▶ **Assignment**
Output each line of the listing that follows, with every character kept as it is.

▶ **Data section**
========

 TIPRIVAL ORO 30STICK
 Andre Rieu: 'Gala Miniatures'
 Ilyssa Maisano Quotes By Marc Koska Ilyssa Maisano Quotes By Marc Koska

========

▶ **Solution to the exercise**
 TIPRIVAL ORO 30STICK
 Andre Rieu: 'Gala Miniatures'
 Ilyssa Maisano Quotes By Marc Koska Ilyssa Maisano Quotes By Marc Koska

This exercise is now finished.